DATA UNDER STUDY:
◇ ◇ ◇ ◇
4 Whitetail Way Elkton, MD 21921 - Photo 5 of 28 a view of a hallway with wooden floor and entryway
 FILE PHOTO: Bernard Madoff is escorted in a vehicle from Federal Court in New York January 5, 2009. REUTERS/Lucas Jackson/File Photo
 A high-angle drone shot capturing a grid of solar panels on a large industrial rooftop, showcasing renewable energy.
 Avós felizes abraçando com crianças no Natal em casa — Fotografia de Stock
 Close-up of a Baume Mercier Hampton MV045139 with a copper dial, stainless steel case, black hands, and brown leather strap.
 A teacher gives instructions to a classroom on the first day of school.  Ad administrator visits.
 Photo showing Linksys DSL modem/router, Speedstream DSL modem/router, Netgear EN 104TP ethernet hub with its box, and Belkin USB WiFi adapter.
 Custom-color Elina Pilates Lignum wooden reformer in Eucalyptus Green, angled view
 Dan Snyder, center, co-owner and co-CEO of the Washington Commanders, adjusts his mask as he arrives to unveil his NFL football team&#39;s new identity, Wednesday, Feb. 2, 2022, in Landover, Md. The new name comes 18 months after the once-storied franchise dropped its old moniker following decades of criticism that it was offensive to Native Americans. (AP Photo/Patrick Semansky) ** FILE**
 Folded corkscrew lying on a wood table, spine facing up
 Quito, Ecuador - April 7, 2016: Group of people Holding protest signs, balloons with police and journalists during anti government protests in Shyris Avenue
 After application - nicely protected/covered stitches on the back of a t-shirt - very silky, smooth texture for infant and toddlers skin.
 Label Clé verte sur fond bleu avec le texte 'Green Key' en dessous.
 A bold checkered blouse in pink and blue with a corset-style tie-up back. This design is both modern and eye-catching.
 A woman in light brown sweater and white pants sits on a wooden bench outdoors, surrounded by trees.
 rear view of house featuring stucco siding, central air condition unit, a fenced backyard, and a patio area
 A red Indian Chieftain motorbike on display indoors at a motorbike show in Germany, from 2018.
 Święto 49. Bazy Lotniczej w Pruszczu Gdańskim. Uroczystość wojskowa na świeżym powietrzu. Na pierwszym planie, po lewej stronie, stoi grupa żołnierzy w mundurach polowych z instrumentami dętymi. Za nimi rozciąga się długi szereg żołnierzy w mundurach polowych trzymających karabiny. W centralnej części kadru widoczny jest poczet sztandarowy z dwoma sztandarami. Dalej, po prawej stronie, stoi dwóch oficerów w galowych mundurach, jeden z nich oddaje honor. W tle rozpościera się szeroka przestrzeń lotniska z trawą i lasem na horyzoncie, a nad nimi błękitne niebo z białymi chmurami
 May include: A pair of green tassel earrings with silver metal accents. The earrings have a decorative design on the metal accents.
◇ ◇ ◇ ◇
TASK DETAILS:
The string "with" shows up in some lines of the listing. Copy each such line.

RESULT FOR THIS EXERCISE:
4 Whitetail Way Elkton, MD 21921 - Photo 5 of 28 a view of a hallway with wooden floor and entryway
 Close-up of a Baume Mercier Hampton MV045139 with a copper dial, stainless steel case, black hands, and brown leather strap.
 Photo showing Linksys DSL modem/router, Speedstream DSL modem/router, Netgear EN 104TP ethernet hub with its box, and Belkin USB WiFi adapter.
 Quito, Ecuador - April 7, 2016: Group of people Holding protest signs, balloons with police and journalists during anti government protests in Shyris Avenue
 A bold checkered blouse in pink and blue with a corset-style tie-up back. This design is both modern and eye-catching.
 May include: A pair of green tassel earrings with silver metal accents. The earrings have a decorative design on the metal accents.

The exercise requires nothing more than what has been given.